* What to do:
Pictures in the records below must be left out. Return exactly the lines from the line with "iFi Audio LAN" to the line with "NCAA%20Tourney%20Nielsen_zpsx75wyyyw.jpg", both included.

━━━━━ Records for this task

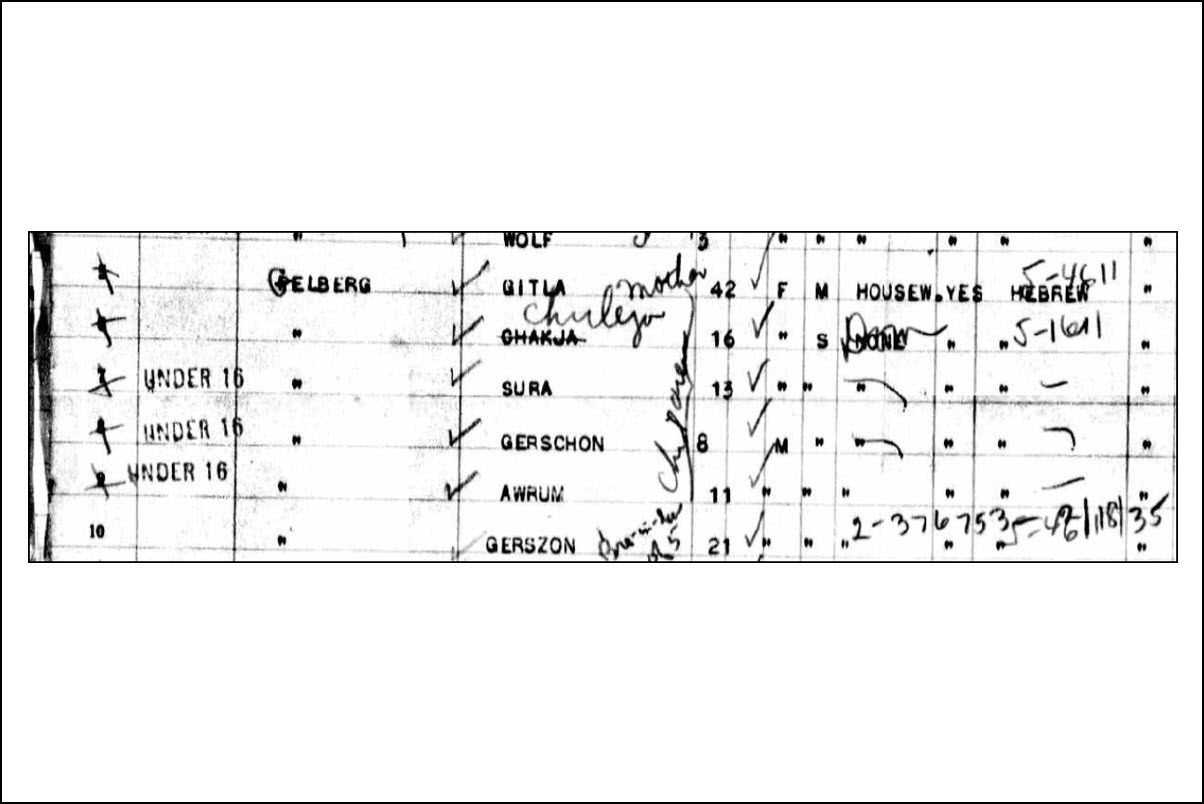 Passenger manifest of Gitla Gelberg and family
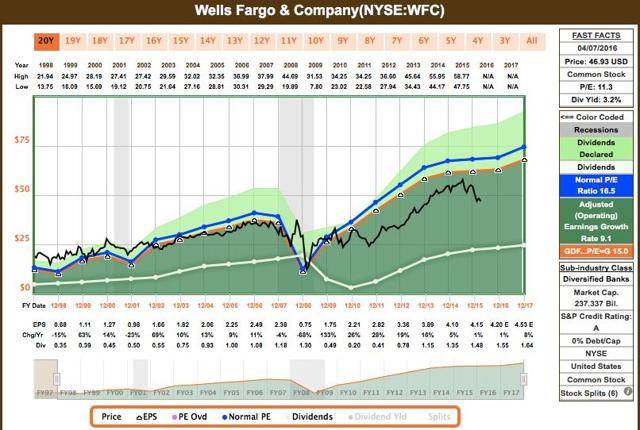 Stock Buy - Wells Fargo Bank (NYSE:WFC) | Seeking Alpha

━━━━━━━━━━
━━━━━ Records for this task

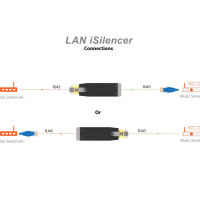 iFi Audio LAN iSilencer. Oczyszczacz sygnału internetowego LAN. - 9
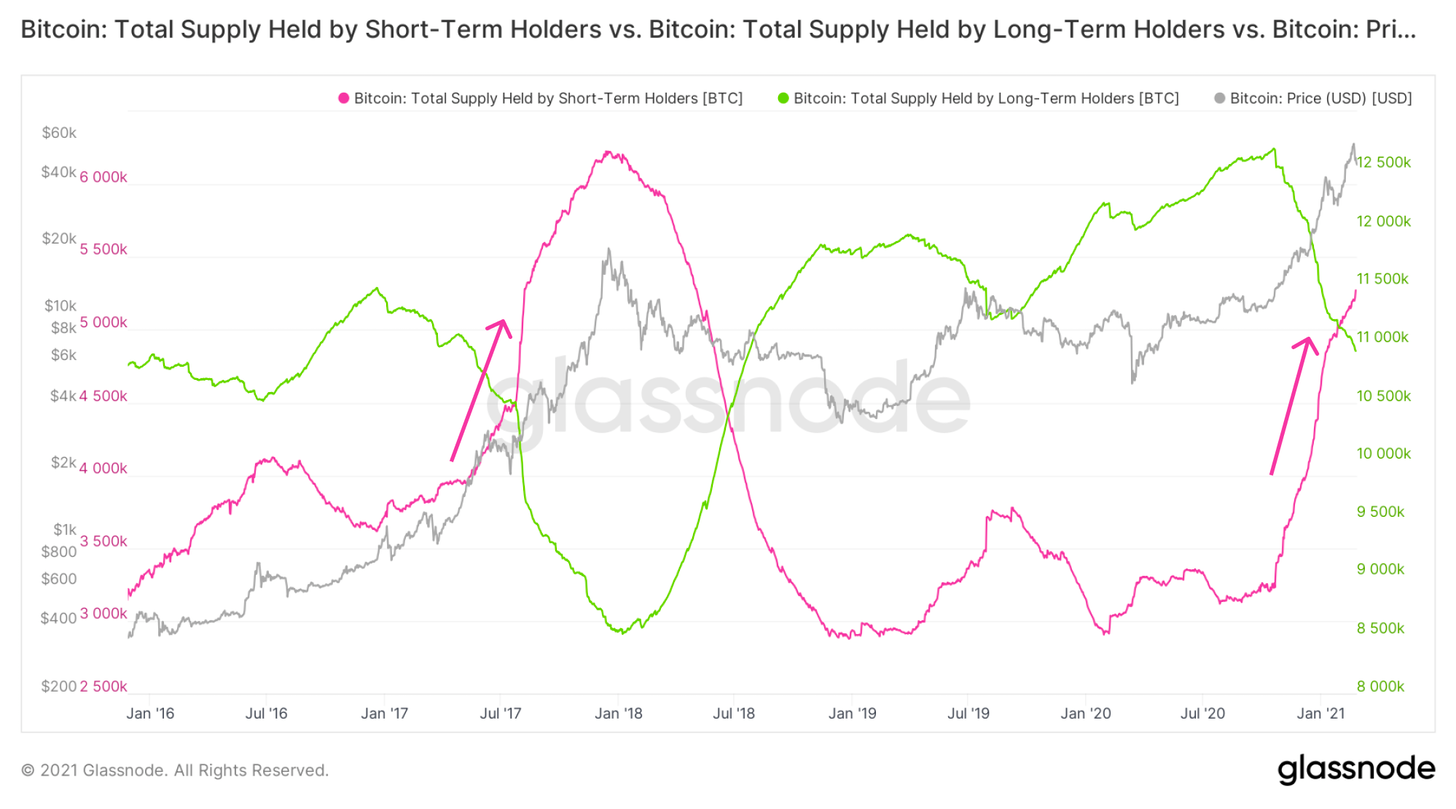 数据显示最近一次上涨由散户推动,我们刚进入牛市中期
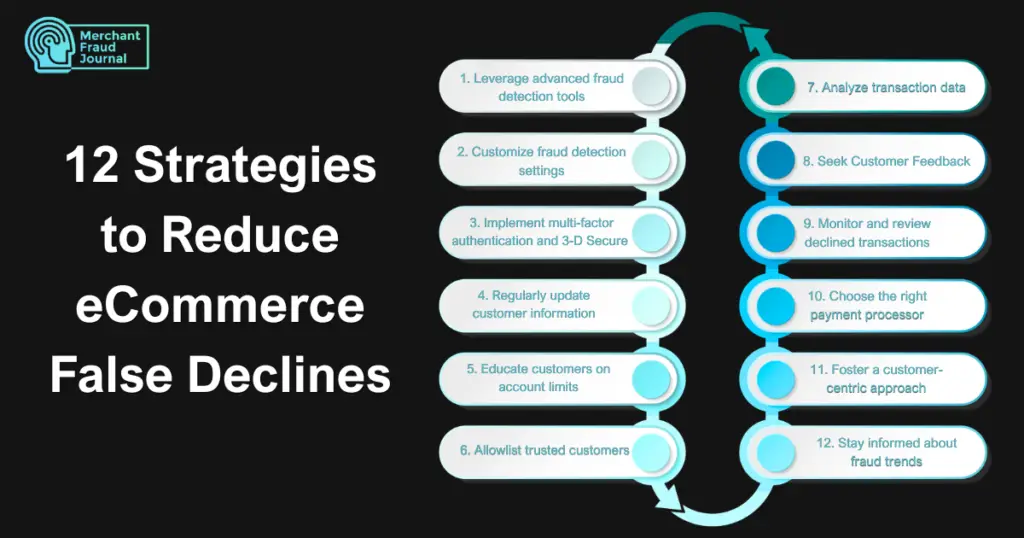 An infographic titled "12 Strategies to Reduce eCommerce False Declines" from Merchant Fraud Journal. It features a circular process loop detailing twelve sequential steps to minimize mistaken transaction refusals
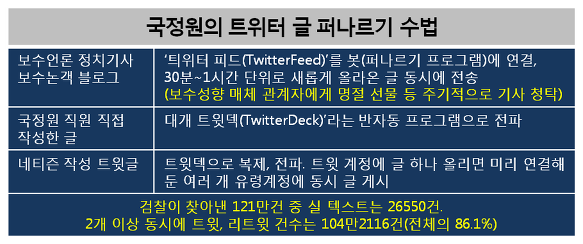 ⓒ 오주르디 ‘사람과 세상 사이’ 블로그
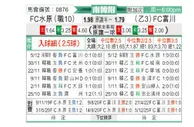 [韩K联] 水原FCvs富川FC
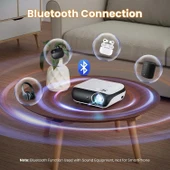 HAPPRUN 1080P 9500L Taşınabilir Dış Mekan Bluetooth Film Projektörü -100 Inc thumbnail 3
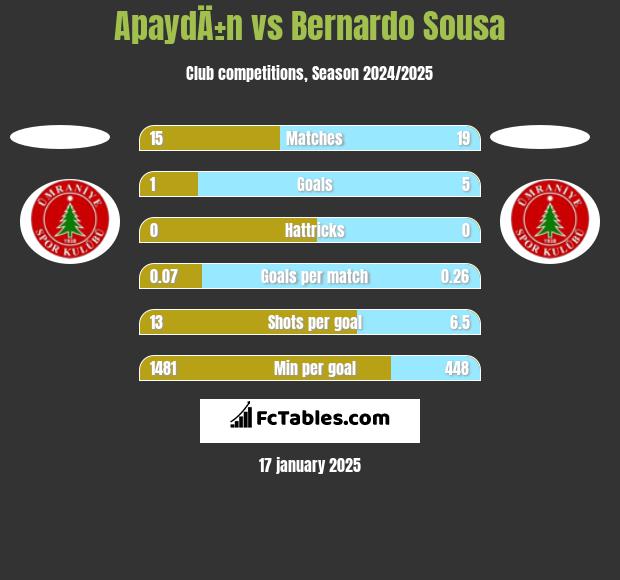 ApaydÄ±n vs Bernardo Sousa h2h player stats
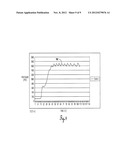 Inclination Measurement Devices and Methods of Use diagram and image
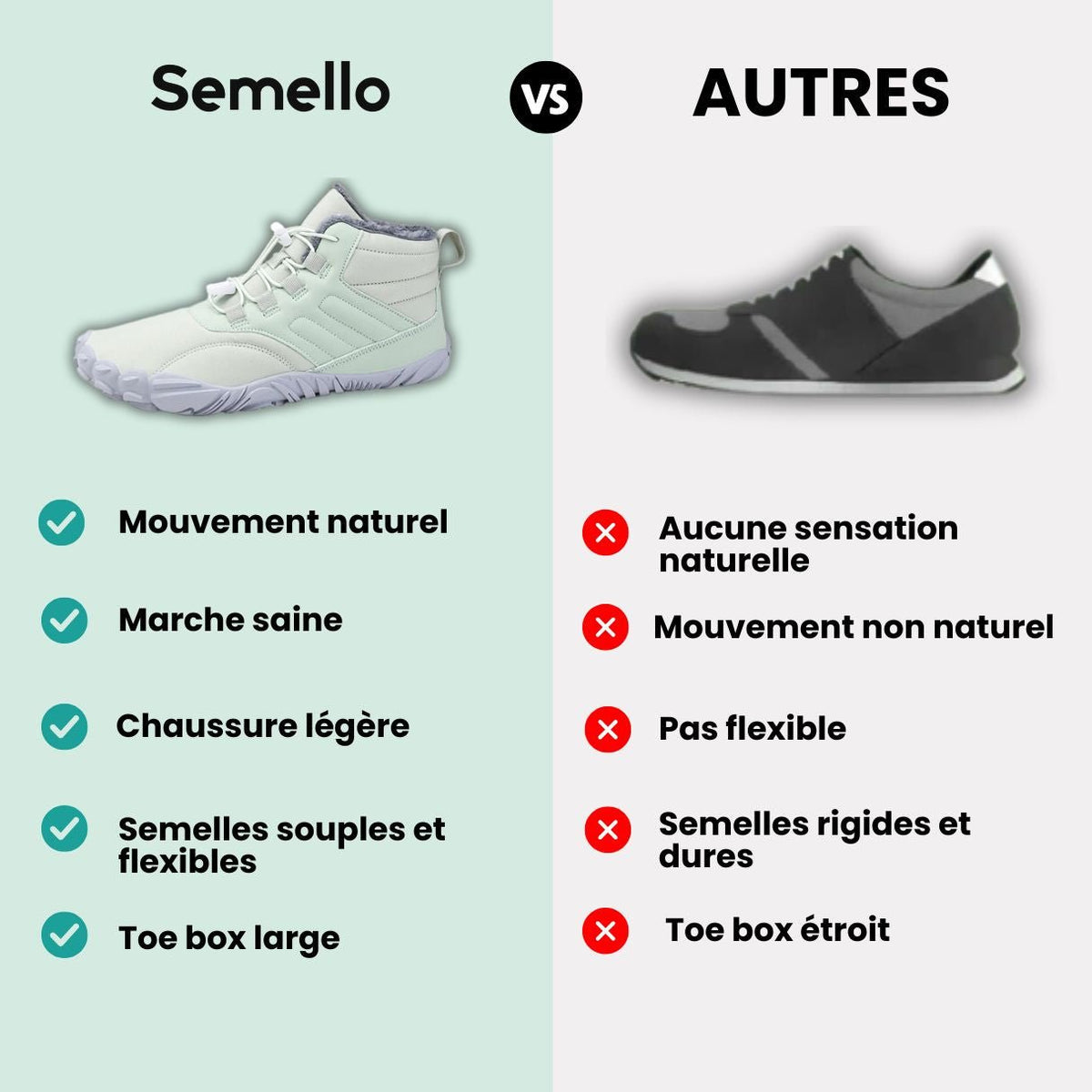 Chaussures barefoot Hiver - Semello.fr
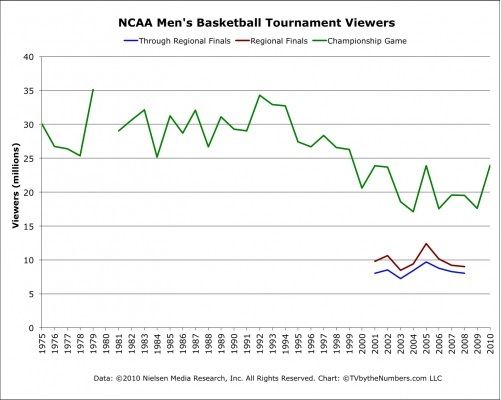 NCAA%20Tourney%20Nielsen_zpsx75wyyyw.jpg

━━━━━━━━━━
━━━━━ Records for this task

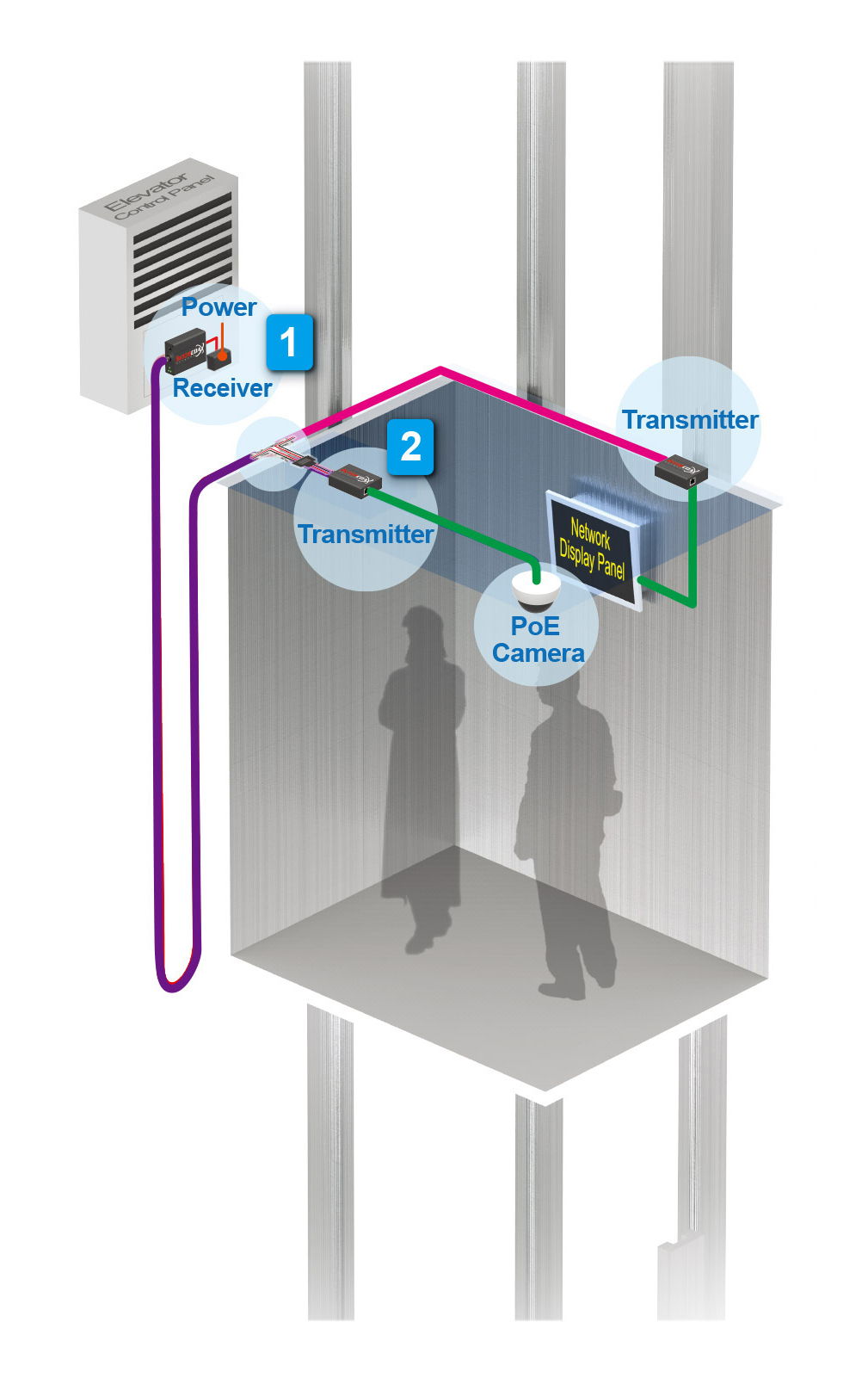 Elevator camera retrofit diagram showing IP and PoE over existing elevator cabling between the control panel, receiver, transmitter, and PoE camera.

━━━━━━━━━━

* Solved problem:
 iFi Audio LAN iSilencer. Oczyszczacz sygnału internetowego LAN. - 9
 数据显示最近一次上涨由散户推动,我们刚进入牛市中期
 An infographic titled "12 Strategies to Reduce eCommerce False Declines" from Merchant Fraud Journal. It features a circular process loop detailing twelve sequential steps to minimize mistaken transaction refusals
 ⓒ 오주르디 ‘사람과 세상 사이’ 블로그
 [韩K联] 水原FCvs富川FC
 HAPPRUN 1080P 9500L Taşınabilir Dış Mekan Bluetooth Film Projektörü -100 Inc thumbnail 3
 ApaydÄ±n vs Bernardo Sousa h2h player stats
 Inclination Measurement Devices and Methods of Use diagram and image
 Chaussures barefoot Hiver - Semello.fr
 NCAA%20Tourney%20Nielsen_zpsx75wyyyw.jpg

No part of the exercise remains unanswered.